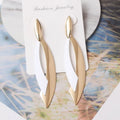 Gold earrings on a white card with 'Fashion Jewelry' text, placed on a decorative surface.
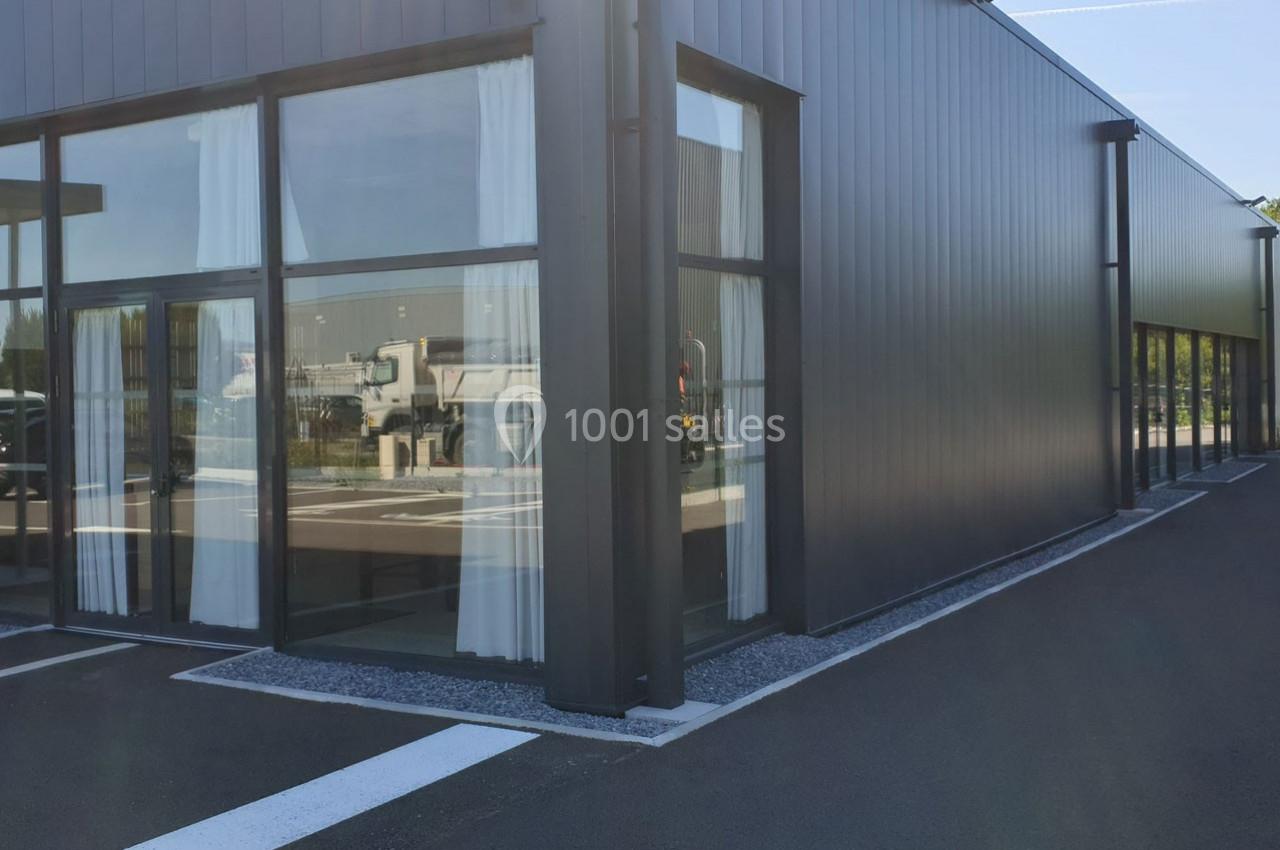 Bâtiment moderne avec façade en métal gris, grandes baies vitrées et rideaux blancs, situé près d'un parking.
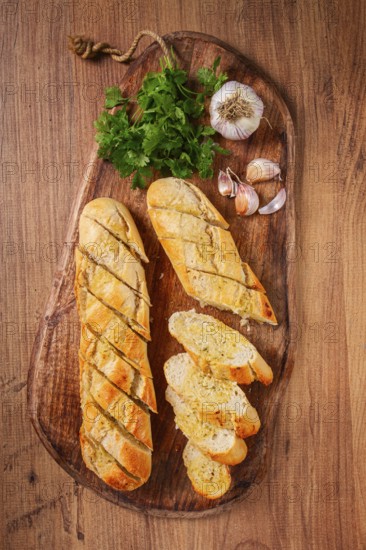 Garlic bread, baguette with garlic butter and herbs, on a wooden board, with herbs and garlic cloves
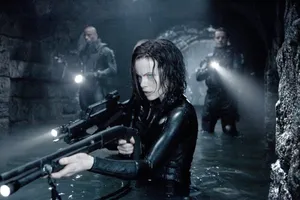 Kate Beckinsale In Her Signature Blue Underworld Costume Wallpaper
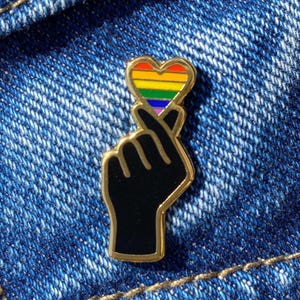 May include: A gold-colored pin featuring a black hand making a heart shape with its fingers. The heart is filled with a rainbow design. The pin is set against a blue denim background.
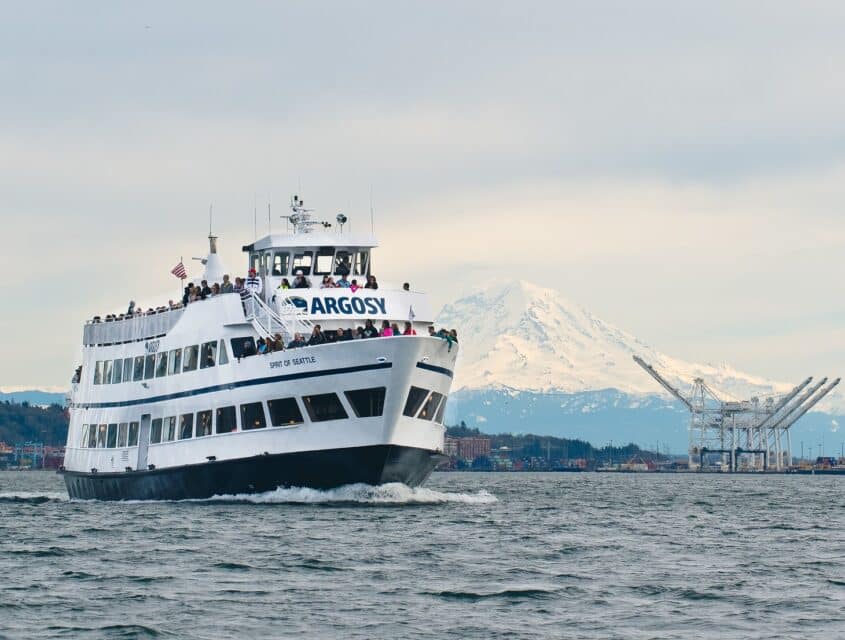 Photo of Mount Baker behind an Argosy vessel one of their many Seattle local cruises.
※
Reproduce exactly the line containing "Kate Beckinsale In" and every line after it in the material above, up to and including the last. Exclude all pictures.

 Kate Beckinsale In Her Signature Blue Underworld Costume Wallpaper
 May include: A gold-colored pin featuring a black hand making a heart shape with its fingers. The heart is filled with a rainbow design. The pin is set against a blue denim background.
 Photo of Mount Baker behind an Argosy vessel one of their many Seattle local cruises.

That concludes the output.